--- The data ---

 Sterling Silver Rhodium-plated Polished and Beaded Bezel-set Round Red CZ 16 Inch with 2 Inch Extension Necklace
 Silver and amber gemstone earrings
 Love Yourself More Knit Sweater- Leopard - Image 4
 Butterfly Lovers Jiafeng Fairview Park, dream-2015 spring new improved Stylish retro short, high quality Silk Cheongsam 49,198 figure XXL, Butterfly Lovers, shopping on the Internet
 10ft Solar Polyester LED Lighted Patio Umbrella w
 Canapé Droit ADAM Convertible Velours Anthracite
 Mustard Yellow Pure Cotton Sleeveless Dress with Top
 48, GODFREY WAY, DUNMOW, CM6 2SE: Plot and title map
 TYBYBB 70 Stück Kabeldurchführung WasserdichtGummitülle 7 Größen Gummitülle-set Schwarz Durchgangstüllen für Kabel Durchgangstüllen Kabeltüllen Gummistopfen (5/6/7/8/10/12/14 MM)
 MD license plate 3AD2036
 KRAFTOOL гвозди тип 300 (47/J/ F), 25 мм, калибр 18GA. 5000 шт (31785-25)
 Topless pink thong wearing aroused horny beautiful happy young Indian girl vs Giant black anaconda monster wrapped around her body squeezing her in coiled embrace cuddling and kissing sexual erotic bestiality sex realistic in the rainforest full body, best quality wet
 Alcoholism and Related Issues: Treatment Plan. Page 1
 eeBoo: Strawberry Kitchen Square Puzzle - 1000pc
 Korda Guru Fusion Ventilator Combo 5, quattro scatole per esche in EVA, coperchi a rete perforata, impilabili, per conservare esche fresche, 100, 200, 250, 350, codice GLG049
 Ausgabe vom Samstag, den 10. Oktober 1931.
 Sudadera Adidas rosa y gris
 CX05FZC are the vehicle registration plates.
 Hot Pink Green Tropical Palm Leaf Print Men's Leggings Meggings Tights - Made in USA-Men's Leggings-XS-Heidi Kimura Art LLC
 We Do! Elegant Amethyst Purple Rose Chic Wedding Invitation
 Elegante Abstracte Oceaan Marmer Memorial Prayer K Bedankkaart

---

# [Problem details]
In the records above, find the line containing "CX05FZC are the vehicle registration plates." and restate word for word every line from the first through that one.

# [Response area]
 Sterling Silver Rhodium-plated Polished and Beaded Bezel-set Round Red CZ 16 Inch with 2 Inch Extension Necklace
 Silver and amber gemstone earrings
 Love Yourself More Knit Sweater- Leopard - Image 4
 Butterfly Lovers Jiafeng Fairview Park, dream-2015 spring new improved Stylish retro short, high quality Silk Cheongsam 49,198 figure XXL, Butterfly Lovers, shopping on the Internet
 10ft Solar Polyester LED Lighted Patio Umbrella w
 Canapé Droit ADAM Convertible Velours Anthracite
 Mustard Yellow Pure Cotton Sleeveless Dress with Top
 48, GODFREY WAY, DUNMOW, CM6 2SE: Plot and title map
 TYBYBB 70 Stück Kabeldurchführung WasserdichtGummitülle 7 Größen Gummitülle-set Schwarz Durchgangstüllen für Kabel Durchgangstüllen Kabeltüllen Gummistopfen (5/6/7/8/10/12/14 MM)
 MD license plate 3AD2036
 KRAFTOOL гвозди тип 300 (47/J/ F), 25 мм, калибр 18GA. 5000 шт (31785-25)
 Topless pink thong wearing aroused horny beautiful happy young Indian girl vs Giant black anaconda monster wrapped around her body squeezing her in coiled embrace cuddling and kissing sexual erotic bestiality sex realistic in the rainforest full body, best quality wet
 Alcoholism and Related Issues: Treatment Plan. Page 1
 eeBoo: Strawberry Kitchen Square Puzzle - 1000pc
 Korda Guru Fusion Ventilator Combo 5, quattro scatole per esche in EVA, coperchi a rete perforata, impilabili, per conservare esche fresche, 100, 200, 250, 350, codice GLG049
 Ausgabe vom Samstag, den 10. Oktober 1931.
 Sudadera Adidas rosa y gris
 CX05FZC are the vehicle registration plates.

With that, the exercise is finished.